Because of this shift, carriers have started to change policy language to have the policyholder share in more of the cost.  Much of the poor experience is directly related to wind/hail claims and they have focused efforts to increase policyholder participation in three ways:

  1. Increasing overall policy deductibles.
  2. Implementing 1 and 2% wind/hail deductibles
  3. Implementing a depreciation schedule for the roof

We believe that most every carrier will adopt some if not all of these items.  Most carriers are implementing changes to shift some of the cost on to the policyholders especially for wind and hail claims.  Example of the percentage deductible: $750,000 home and a 1% wind/hail deductible would mean that a $7,500 (1% of $750,000) would apply to any wind or hail loss.

The depreciation schedule would provide a smaller percentage of the replacement cost for a roof as it’s age increased.  Example of depreciation schedule: $40,000 roof repair.  Age 5 or newer might be 100%; 15 years 75%; 30 years 40%.  Roof ages of 5,15,30 would result in claim payments of $40K; $30K, and $16K respectively.  If your roof is between 15-30 years old there will certainly be an expectation by the carrier that costs will be shared between the insurer and policyholder.

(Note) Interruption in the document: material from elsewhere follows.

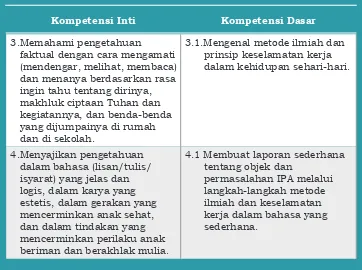 Tabel 1.1. Kompetensi Inti dan Kompetensi Dasar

Not dissimilar to auto insurance increases, there are some positives here.  The cost shifting and sharing should result in more competition in the contractor space.  Right now, carriers are an easy mark to get a $40K roof replaced.  If an insured has a $10-20K stake in the cost, they may do some shopping to make sure contractors are providing a competitive price.  In the end, roofing costs may come down as a result of the cost shift.

Summary and Outlook:

Overall, changes implemented by carriers in late 2023 and early 2024, should result in a stabilization of the market.  The first piece of this process came in 2023 when the reinsurance carriers shifted costs to the main street insurance companies.  Inflation, storm frequency, and increased retention made 2023 a difficult year for the main street companies but the changes implemented by the reinsurer did actually stabilize the capital available in the marketplace to some degree.  The cost sharing measures and rate increases should improve carrier results throughout 2024 which will in turn create stabilization of premiums for 2025.  Unfortunately, things do not move quickly.  A rate increase or cost sharing measure takes 12 months to be implemented because it can only happen at the renewal of a policy.  The net effects of changes do not really start to impact the bottom line for 12-18 months.

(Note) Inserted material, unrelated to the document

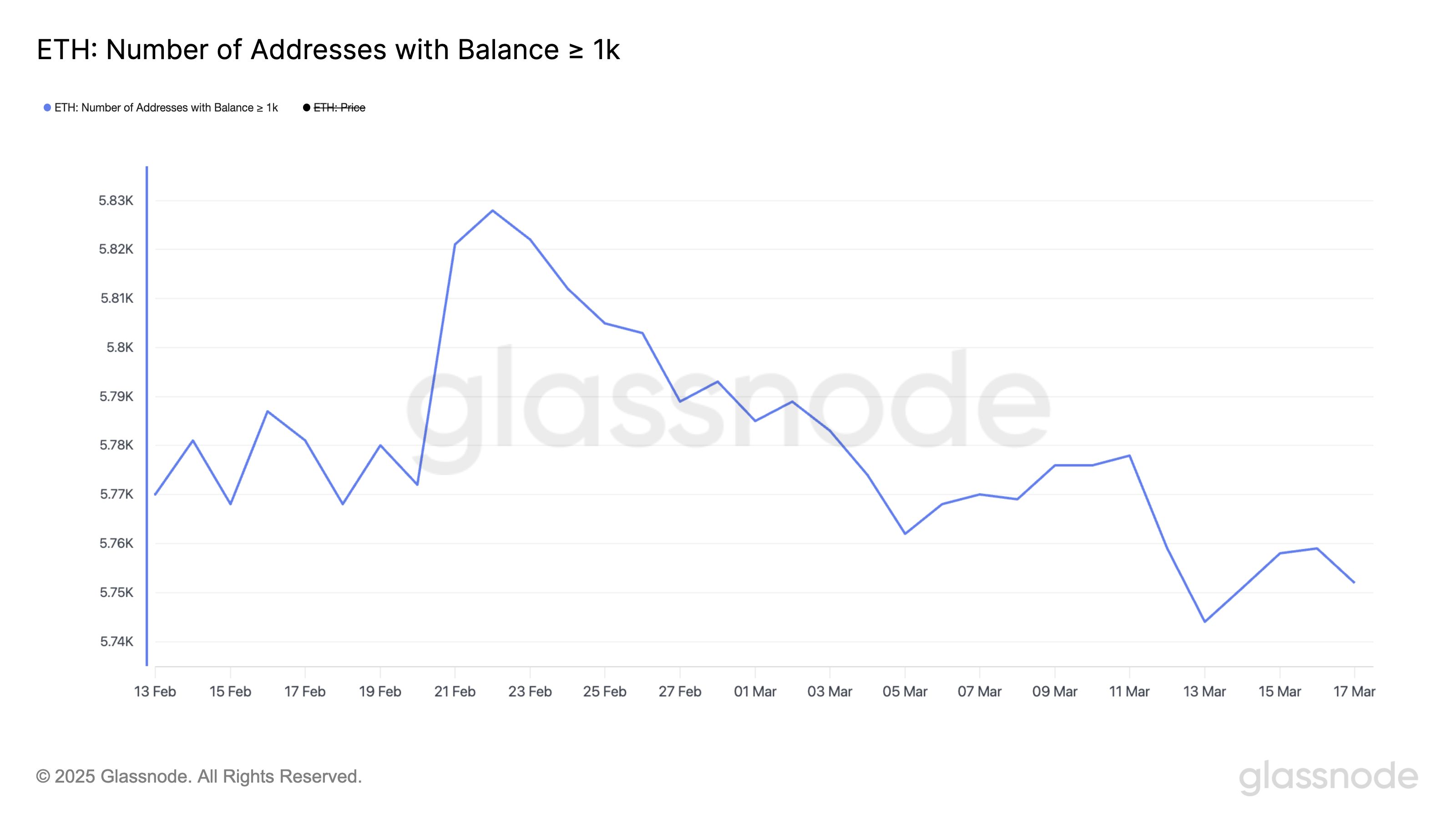 Ethereum (ETH) Struggles To Hit $2,000 With Weak Whale Accumulation image 1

I am a little more optimistic than most but I believe we may start to see things turn around in Q4 of 2024.  Many carriers implemented these ideas in the last 2 quarters of 2023 and the rate increases will have started to have an impact.  I also believe that cost sharing measures on the property insurance might have a greater than expected impact on bringing some of the roofing costs in the area down with more consumer participation at the policyholder level and less open checkbook from the insurance carriers.

As long as we have reasonable storm activity in 2024, most carriers expect to begin making profits in early 2025.

Obviously, many factors play into everything, we wanted to do our best to provide you with pointed overview of why the insurance market is behaving the way that it is and all of us are having to share in the increased costs in order to protect ourselves.

As always, thank you for the privilege to protect your families.